Your output should be the lines from the one containing "hell was full" through the end of the listing, exact and inclusive, with no pictures.

> **Data supplied**:
=== Section Start ===
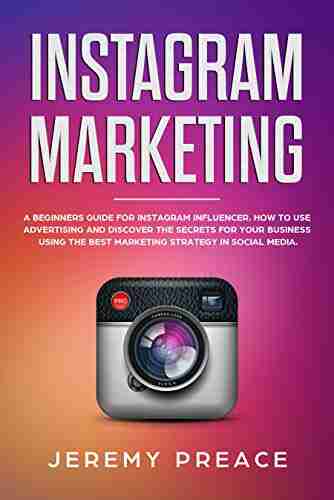 Instagram Marketing: A Beginners Guide For Instagram Influencer How To Use Advertising And Discover The Secrets For Your Business Using The Best Marketing Strategy In Social Media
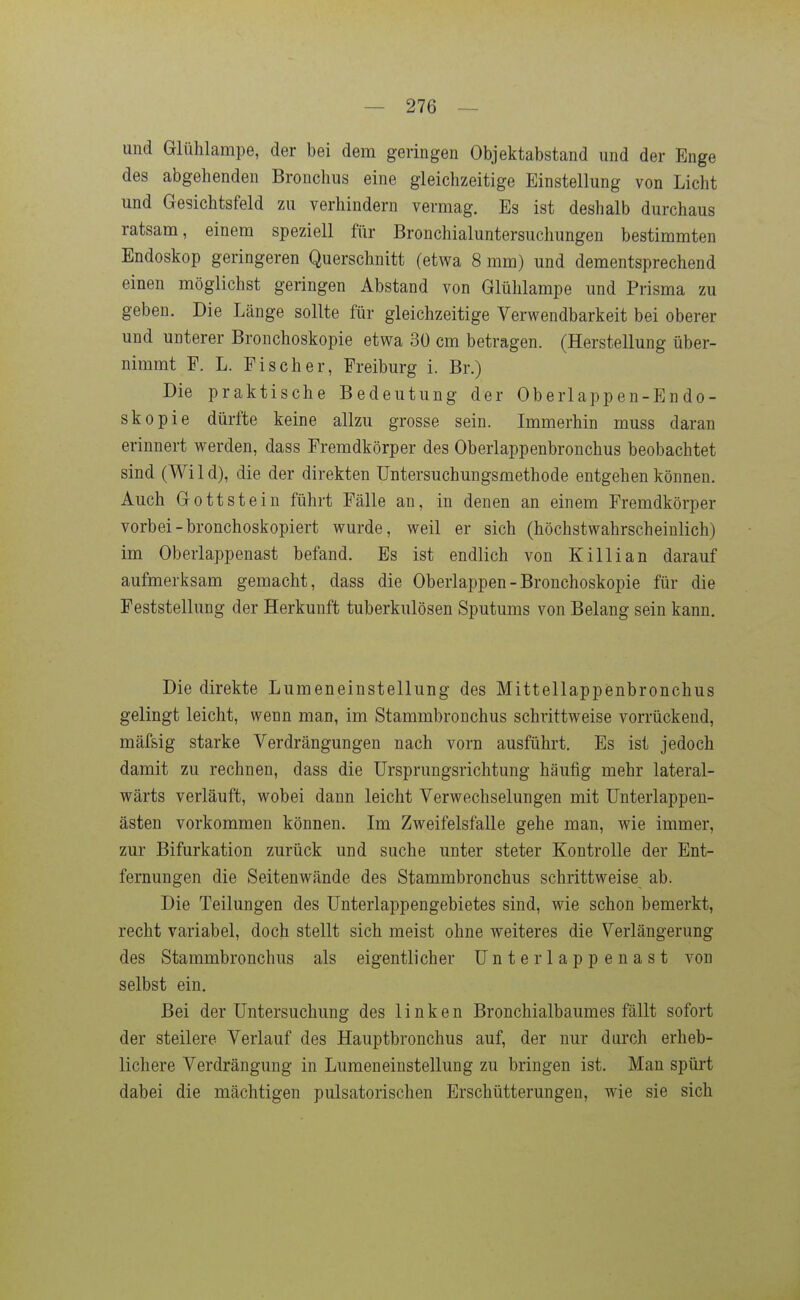 und Glühlampe, der bei dem geringen Objektabstand und der Enge des abgehenden Bronchus eine gleichzeitige Einstellung von Licht und Gesichtsfeld zu verhindern vermag. Es ist deshalb durchaus ratsam, einem speziell für Bronchialuntersuchungen bestimmten Endoskop geringeren Querschnitt (etwa 8 mm) und dementsprechend einen möglichst geringen Abstand von Glühlampe und Prisma zu geben. Die Länge sollte für gleichzeitige Verwendbarkeit bei oberer und unterer Bronchoskopie etwa 30 cm betragen. (Herstellung über- nimmt F. L. Fischer, Freiburg i. Br.) Die praktische Bedeutung der Oberlappen-Endo- skopie dürfte keine allzu grosse sein. Immerhin muss daran erinnert werden, dass Fremdkörper des Oberlappenbronchus beobachtet sind (Wild), die der direkten üntersuchungsmethode entgehen können. Auch Gottstein führt Fälle au, in denen an einem Fremdkörper vorbei-bronchoskopiert wurde, weil er sich (höchstwahrscheinlich) im Oberlappenast befand. Es ist endlich von Killian darauf aufmerksam gemacht, dass die Oberlappen - Bronchoskopie für die Feststellung der Herkunft tuberkulösen Sputums von Belang sein kann. Die direkte Lumeneiustellung des Mittellappenbronchus gelingt leicht, wenn man, im Stammbronchus schrittweise vorrückend, mäfsig starke Verdrängungen nach vorn ausführt. Es ist jedoch damit zu rechnen, dass die Ursprungsrichtung häufig mehr lateral- wärts verläuft, wobei dann leicht Verwechselungen mit ünterlappen- ästen vorkommen können. Im Zweifelsfalle gehe man, wie immer, zur Bifurkation zurück und suche unter steter Kontrolle der Ent- fernungen die Seitenwände des Stammbronchus schrittweise ab. Die Teilungen des Unterlappengebietes sind, wie schon bemerkt, recht variabel, doch stellt sich meist ohne weiteres die Verlängerung des Stammbronchus als eigentlicher Unterlappenast von selbst ein. Bei der Untersuchung des linken Bronchialbaumes fällt sofort der steilere Verlauf des Hauptbronchus auf, der nur durch erheb- lichere Verdrängung in Lumeneinstellung zu bringen ist. Man spürt dabei die mächtigen pulsatorischen Erschütterungen, wie sie sich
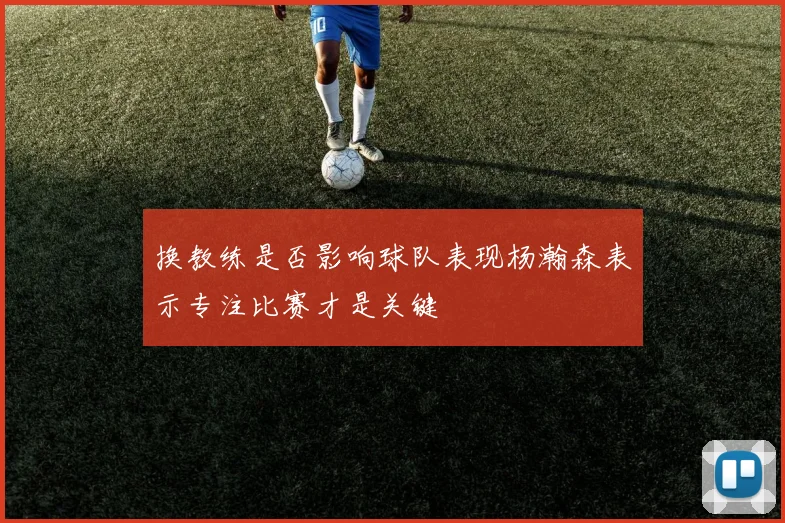 换教练是否影响球队表现杨瀚森表示专注比赛才是关键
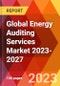 Global Energy Auditing Services Market 2023-2027 - Product Thumbnail Image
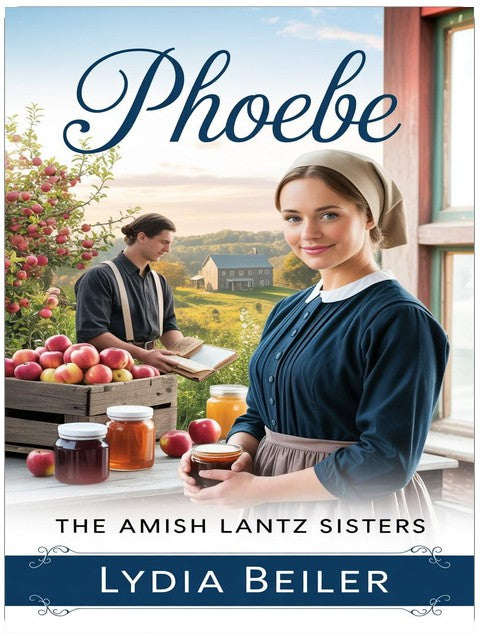 Phoebe : Romance Amish (Les sœurs Lantz, tome 1)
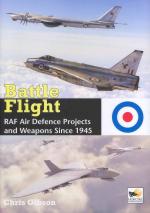 52547 - Gibson, C. - Battle Flight. RAF Air Defence Projects and Weapons Since 1945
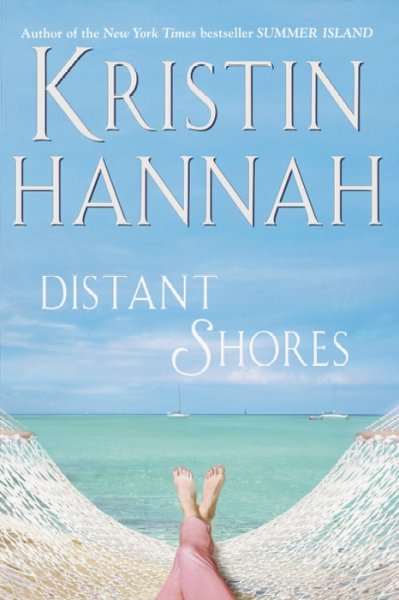Distant shores / Kristin Hannah.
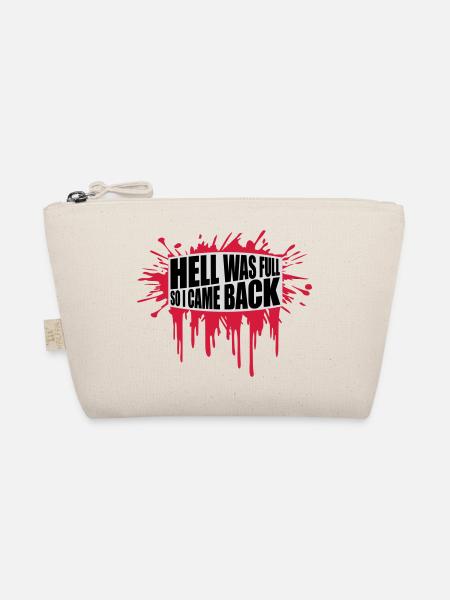 hell was full Zitat - Bio-Täschchen - Natur - Vorne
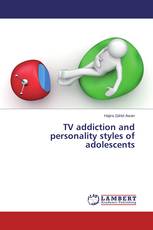 TV addiction and personality styles of adolescents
=== Section End ===
> **Response to this task**:
 hell was full Zitat - Bio-Täschchen - Natur - Vorne
 TV addiction and personality styles of adolescents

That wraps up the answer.